The problem: After locating the line with "Hello, I am" below, output it and each following line exactly, stopping after the line with "Hello and welcome". No pictures.

Data to process:
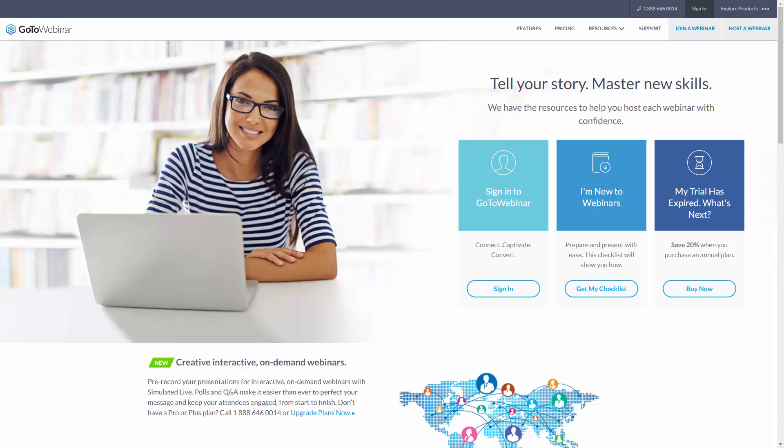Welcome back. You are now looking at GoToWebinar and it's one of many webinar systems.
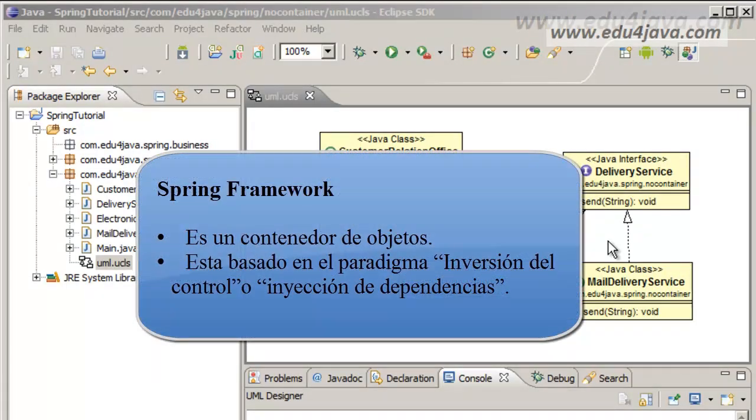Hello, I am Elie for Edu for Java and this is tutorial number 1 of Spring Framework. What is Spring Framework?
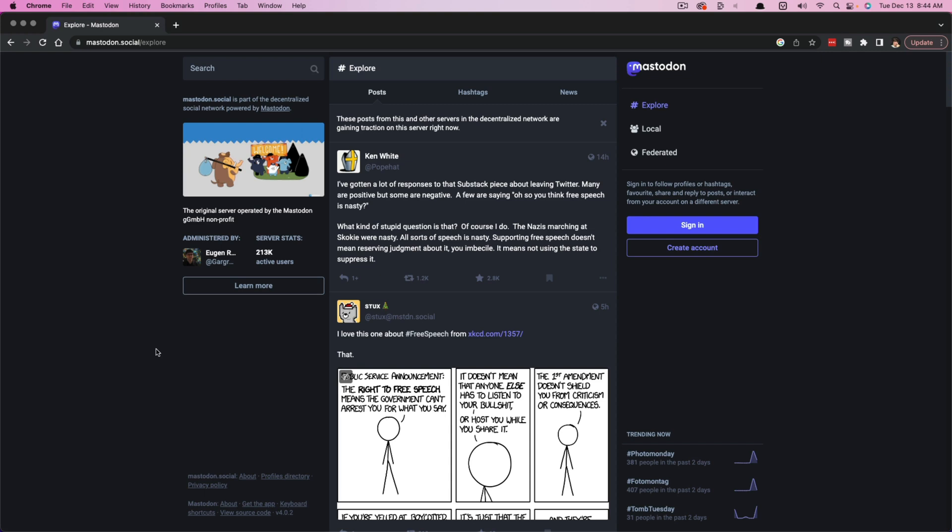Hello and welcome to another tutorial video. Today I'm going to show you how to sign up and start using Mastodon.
==
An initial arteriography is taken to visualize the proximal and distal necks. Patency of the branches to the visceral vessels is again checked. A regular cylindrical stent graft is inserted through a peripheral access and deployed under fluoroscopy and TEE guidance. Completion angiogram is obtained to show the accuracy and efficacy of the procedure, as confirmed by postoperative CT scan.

Response for this exercise:
Hello, I am Elie for Edu for Java and this is tutorial number 1 of Spring Framework. What is Spring Framework?
Hello and welcome to another tutorial video. Today I'm going to show you how to sign up and start using Mastodon.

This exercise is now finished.